Setting Up An Example
To set up a cluster, the Dev/Test Host project template we’ve been using so far is no longer suitable. Instead, we have to set up the full project structure. This is covered by the latter part of “Getting Started with Microsoft Orleans” and there is no point in repeating it here.
Don’t write any code yet though. I recently learned that all that AppDomain stuff is not necessary unless you’re planning to run Silo and Client in the same application, so we’ll go for a cleaner approach.
We’ll also install the Orleans Dashboard (see: “A Dashboard for Microsoft Orleans“) in the Silo project. This will give us an idea how grains are spread across the cluster later.
Install-Package OrleansDashboard
Hence, when setting up the Silo configuration, remember to include the configuration for the Dashboard:
<?xml version="1.0" encoding="utf-8"?> <OrleansConfiguration xmlns="urn:orleans"> <Globals> <SeedNode Address="localhost" Port="11111" /> <BootstrapProviders> <Provider Type="OrleansDashboard.Dashboard" Name="Dashboard" /> </BootstrapProviders> </Globals> <Defaults> <Networking Address="localhost" Port="11111" /> <ProxyingGateway Address="localhost" Port="30000" /> </Defaults> </OrleansConfiguration>
We can now start adding some code. First, we need a grain in our Grains project. What the grain actually does doesn’t matter.
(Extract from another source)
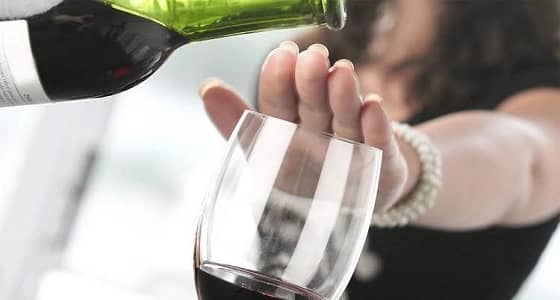  سيرلانكا ترفض السماح للمرأة بتناول الكحول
We just want to create a large number of grains to see them spread out over the cluster.
public class UselessGrain : Grain, IUselessGrain { public Task DoNothingAsync() { return Task.CompletedTask; } }
Note: if you’re using a .NET Framework version prior to 4.6, then you’ll need to use TaskDone.Done
instead of Task.CompletedTask
.
The corresponding interface goes in the Interfaces project:
public interface IUselessGrain : IGrainWithIntegerKey { Task DoNothingAsync(); }
Doing away with all the AppDomain junk, the following code should be enough for a simple Silo:
static void Main(string[] args) { Console.Title = "Silo"; try { using (var siloHost = new SiloHost("Silo")) { siloHost.LoadOrleansConfig(); siloHost.InitializeOrleansSilo(); var startedOk = siloHost.StartOrleansSilo(catchExceptions: false); Console.WriteLine("Silo started successfully!"); Console.WriteLine("Press ENTER to exit..."); Console.ReadLine(); siloHost.ShutdownOrleansSilo(); } } catch (Exception ex) { Console.WriteLine(ex); } }
Apart from the AppDomain logic, another thing we’re doing differently from usual here is that we’re calling StartOrleansSilo()
with catchExceptions
set to false
. In case the silo fails to initialise, this gives us the ability to inspect the details of the failure within the exception, rather than have Orleans silently swallow it and simply return false
.
On the client side, we can use an adaptation of the client code from “Getting Started with Microsoft Orleans“:
static void Main(string[] args) { Console.Title = "Client"; var random = new Random(); var config = ClientConfiguration.LoadFromFile("ClientConfiguration.xml"); while (true) { try { GrainClient.Initialize(config); Console.WriteLine("Connected to silo!"); while (true) { var grainId = random.Next(); var grain = GrainClient.GrainFactory.GetGrain<IUselessGrain>(grainId); grain.DoNothingAsync(); } } catch (SiloUnavailableException) { Console.WriteLine("Silo not available! Retrying in 3 seconds."); Thread.Sleep(3000); } } }
In the inner infinite-while
-loop we’re taking random grain IDs and bombarding them with messages. The idea is to create a lot of grain instances that we can visualise. Since this is very heavy, you’ll see Orleans giving warnings, and high latencies from the Dashboard at times.
Running a 3-Node Cluster
We will now run 3 instances of the same silo. Each instance must have different ports configured. This is the configuration for the first silo, which we already set up earlier:
<?xml version="1.0" encoding="utf-8"?> <OrleansConfiguration xmlns="urn:orleans"> <Globals> <SeedNode Address="localhost" Port="11111" /> <BootstrapProviders> <Provider Type="OrleansDashboard.Dashboard" Name="Dashboard" /> </BootstrapProviders> </Globals> <Defaults> <Networking Address="localhost" Port="11111" /> <ProxyingGateway Address="localhost" Port="30000" /> </Defaults> </OrleansConfiguration>
A silo needs 2 ports: one to communicate with other silos (the Networking
endpoint) and one for clients to connect to it (the ProxyingGateway
endpoint). The client can connect to any node on the cluster.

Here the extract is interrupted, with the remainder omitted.